BEGIN Collected material

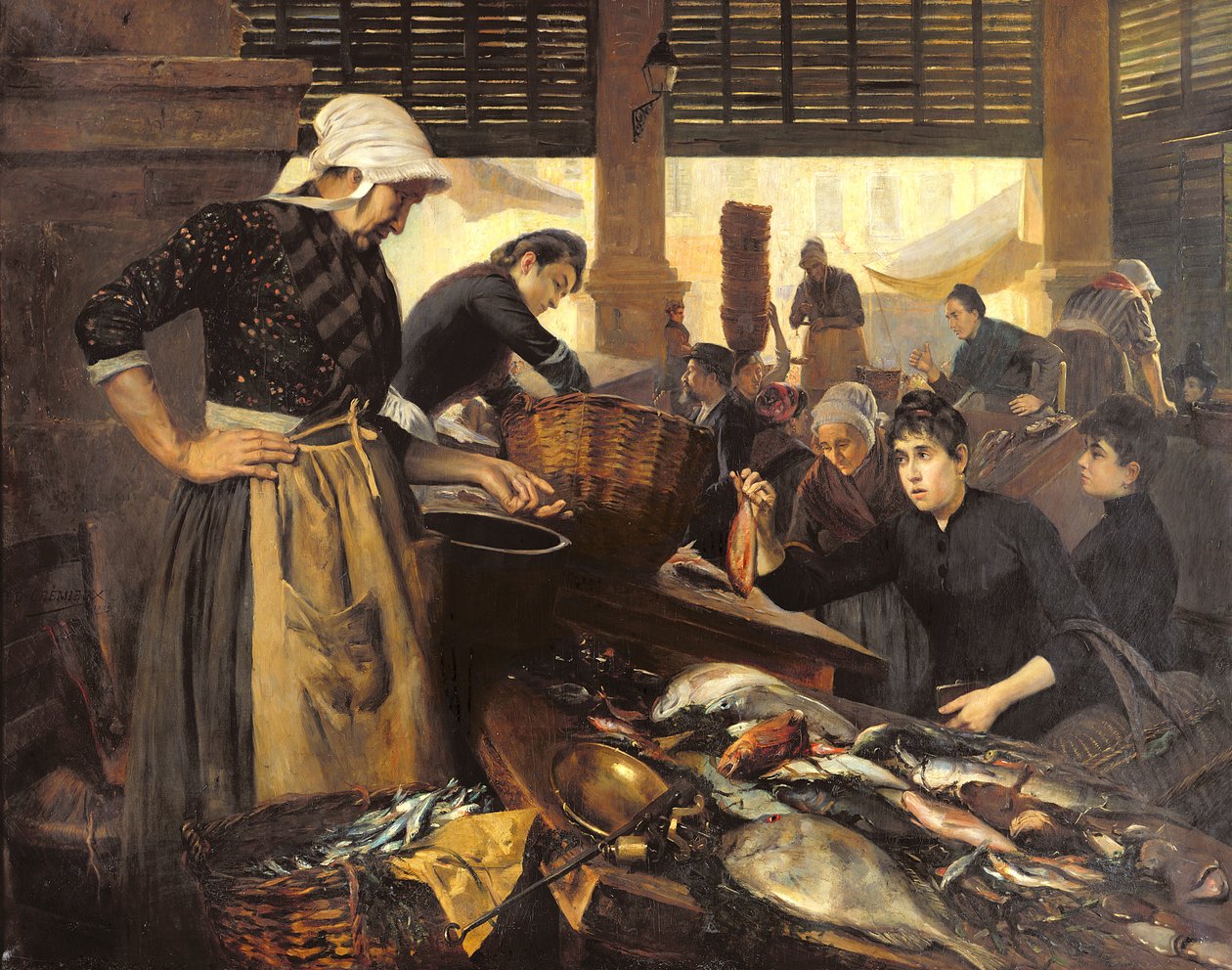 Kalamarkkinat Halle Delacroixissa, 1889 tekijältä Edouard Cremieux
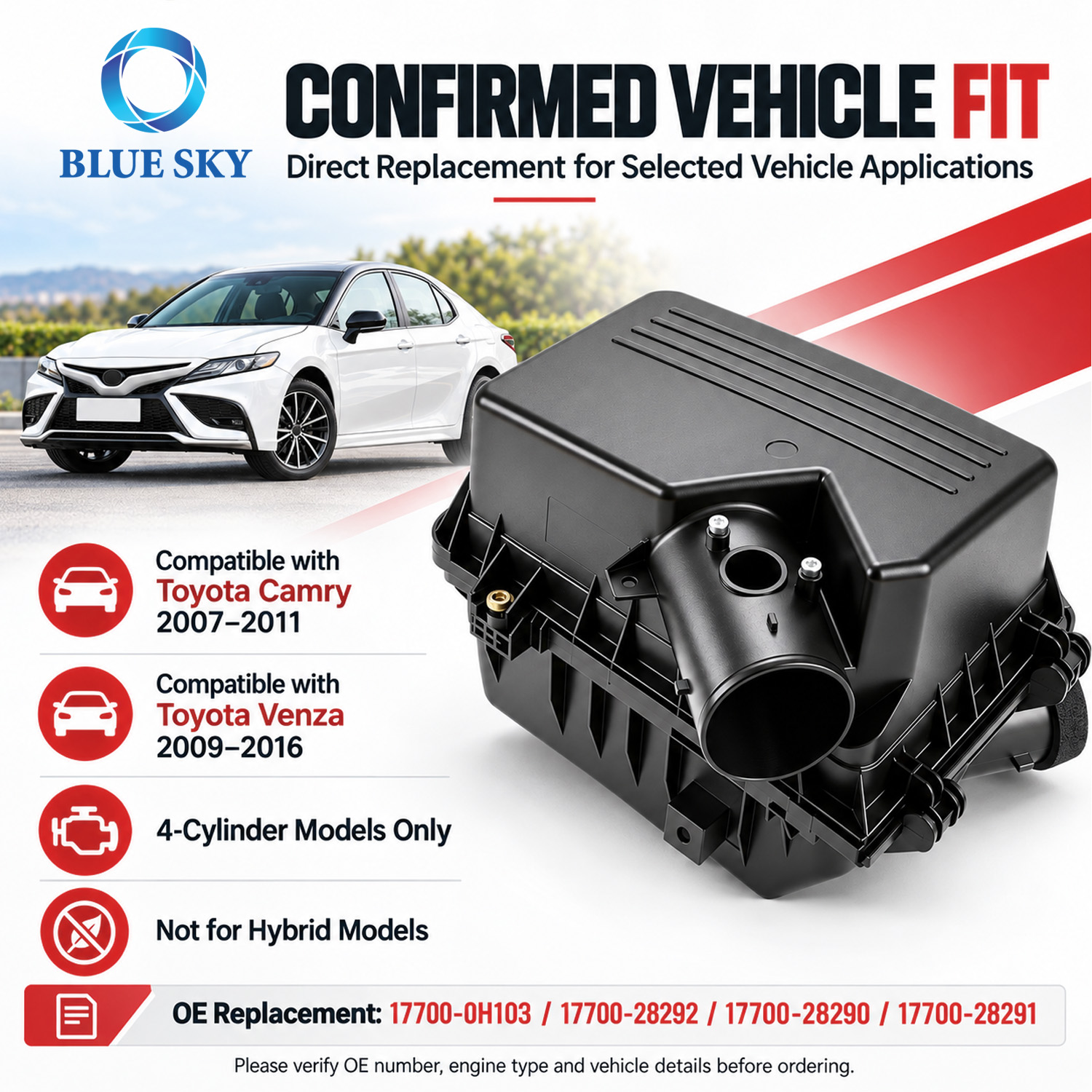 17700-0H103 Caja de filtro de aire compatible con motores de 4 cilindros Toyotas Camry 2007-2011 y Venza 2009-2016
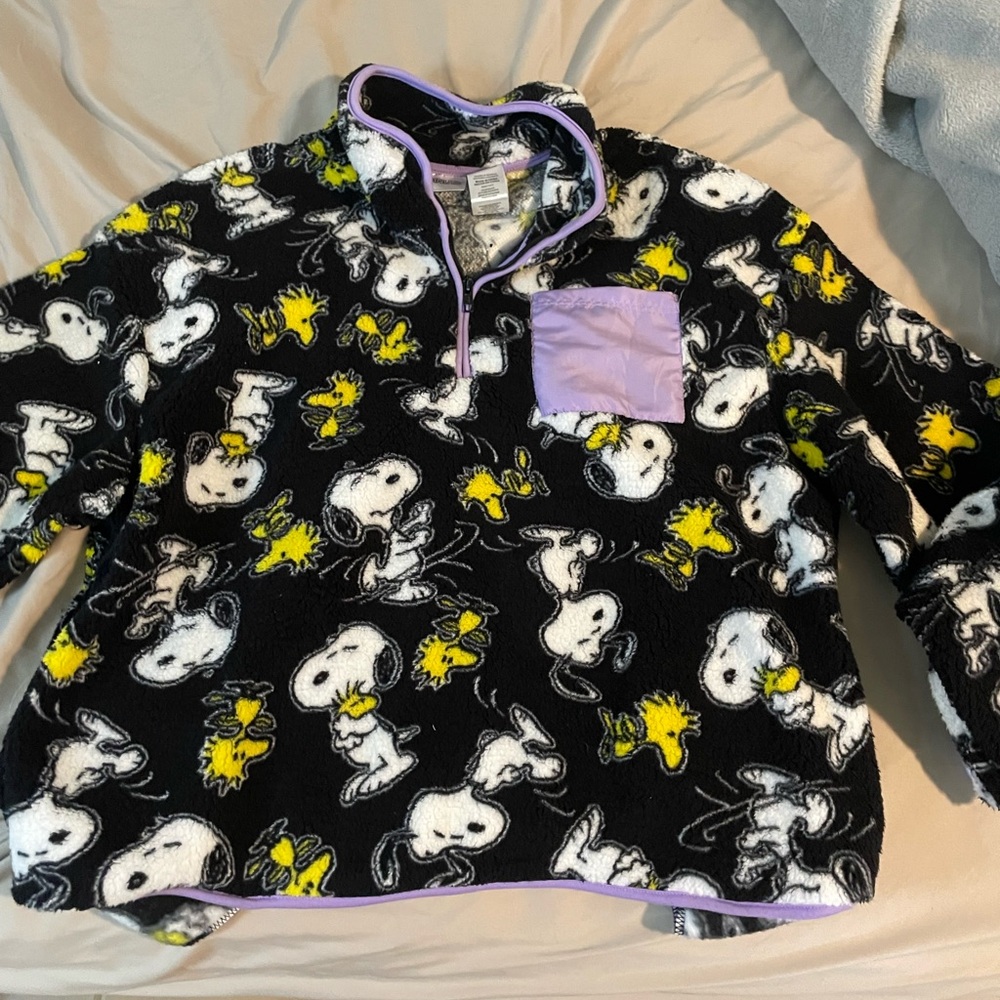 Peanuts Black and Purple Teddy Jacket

END Collected material

## Exercise instructions
Please give back every line above exactly as it stands, without pictures.

## Solution
 Kalamarkkinat Halle Delacroixissa, 1889 tekijältä Edouard Cremieux
 17700-0H103 Caja de filtro de aire compatible con motores de 4 cilindros Toyotas Camry 2007-2011 y Venza 2009-2016
 Peanuts Black and Purple Teddy Jacket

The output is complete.